Where a picture appears, omit it; repeat everything else in the records exactly.

»»

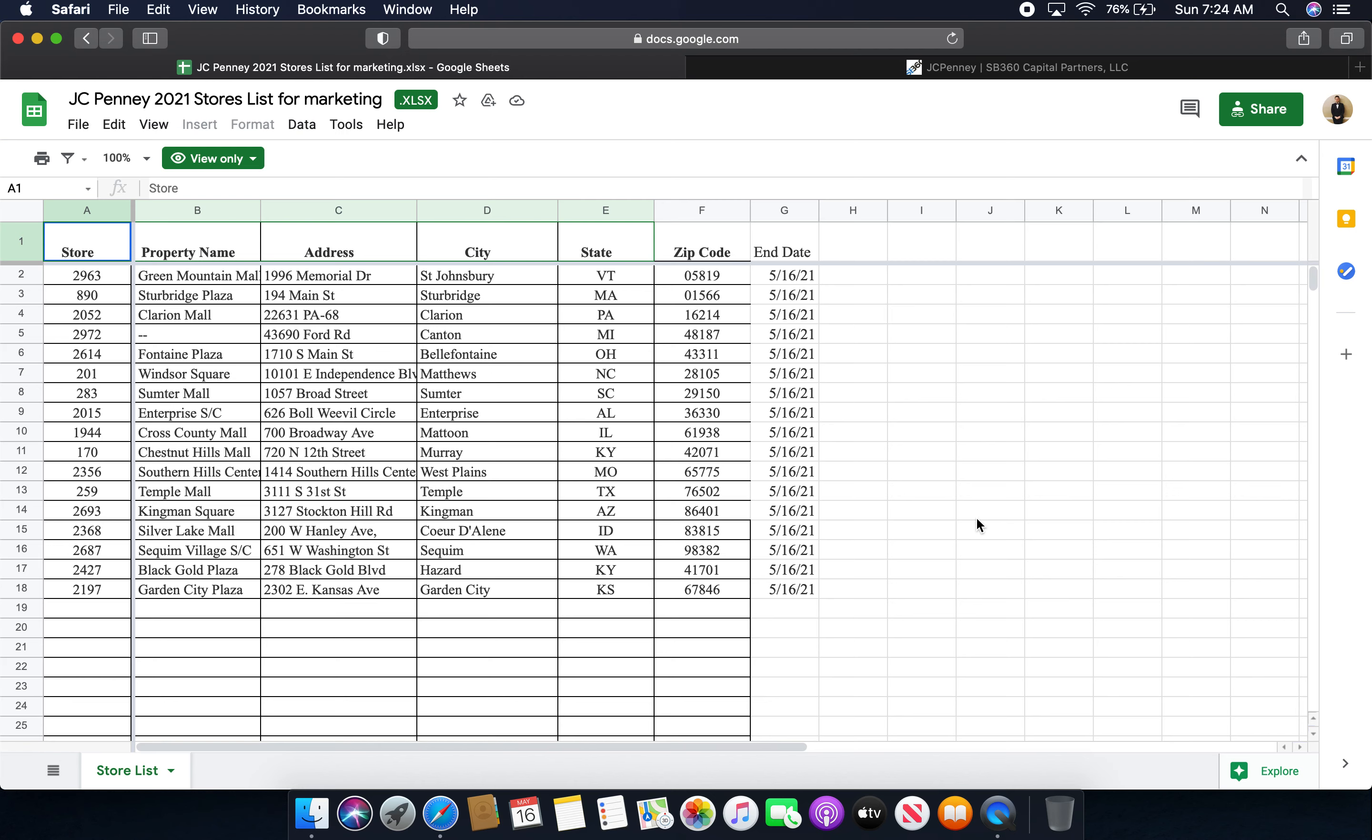All right, hello everybody and welcome to another video today. My name is Chris and today we're taking a look once again at the JCPenney stores that are running liquidation sales with Hillco Merchants and SB360 Capital Partners LLC.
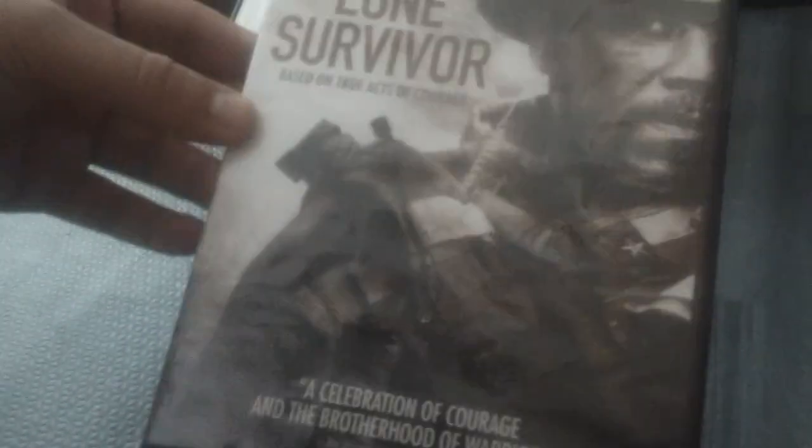Next one is Lone Survivor, starring Mark Wahlberg, Taylor Kitsch, Emile Hirsch, and others.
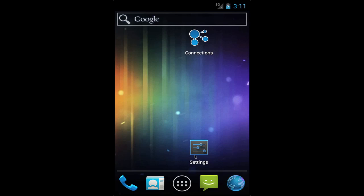Hey, this is a demo of the IBM Connections mobile app for Android devices. Don't get concerned if you see my mouse moving through the screen — I'm actually using the Android emulator to do this demo.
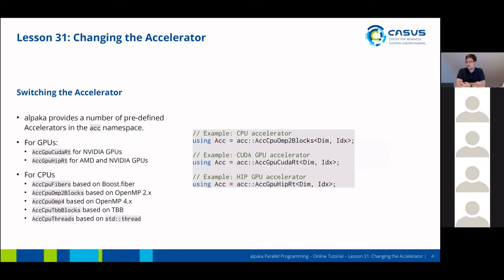Switching the accelerator is quite easy in ALPAKA. We provide a number of predefined accelerators in the ACC namespace. For GPUs, we have a CUDA accelerator and a HIP accelerator that can access both AMD and NVIDIA GPUs. There are also multiple accelerators for CPUs: one based on Boost.Fiber, multiple based on OpenMP (both OpenMP 2 and 4), one based on Threading Building Blocks, and one based on the C++ standard thread. All you need to do to exchange it is demonstrated here on the right-hand side — you just choose the accelerator in a simple typedef and everything works automatically afterwards.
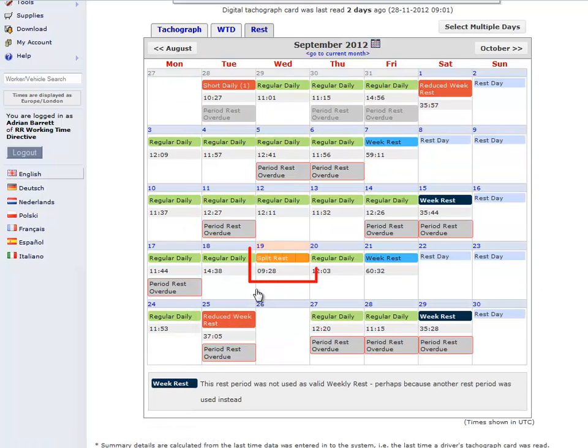Should a driver have split daily rest, this will be shown in orange with the amount of time underneath. An example of split rest would be a driver taking a 3 hour rest during the day and a further 9 hours after completing the shift but within 24 hours of the start of shift. This constitutes a regular daily rest.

««

▶ _SOLUTION FOR THIS TASK_
All right, hello everybody and welcome to another video today. My name is Chris and today we're taking a look once again at the JCPenney stores that are running liquidation sales with Hillco Merchants and SB360 Capital Partners LLC.
Next one is Lone Survivor, starring Mark Wahlberg, Taylor Kitsch, Emile Hirsch, and others.
Hey, this is a demo of the IBM Connections mobile app for Android devices. Don't get concerned if you see my mouse moving through the screen — I'm actually using the Android emulator to do this demo.
Switching the accelerator is quite easy in ALPAKA. We provide a number of predefined accelerators in the ACC namespace. For GPUs, we have a CUDA accelerator and a HIP accelerator that can access both AMD and NVIDIA GPUs. There are also multiple accelerators for CPUs: one based on Boost.Fiber, multiple based on OpenMP (both OpenMP 2 and 4), one based on Threading Building Blocks, and one based on the C++ standard thread. All you need to do to exchange it is demonstrated here on the right-hand side — you just choose the accelerator in a simple typedef and everything works automatically afterwards.
Should a driver have split daily rest, this will be shown in orange with the amount of time underneath. An example of split rest would be a driver taking a 3 hour rest during the day and a further 9 hours after completing the shift but within 24 hours of the start of shift. This constitutes a regular daily rest.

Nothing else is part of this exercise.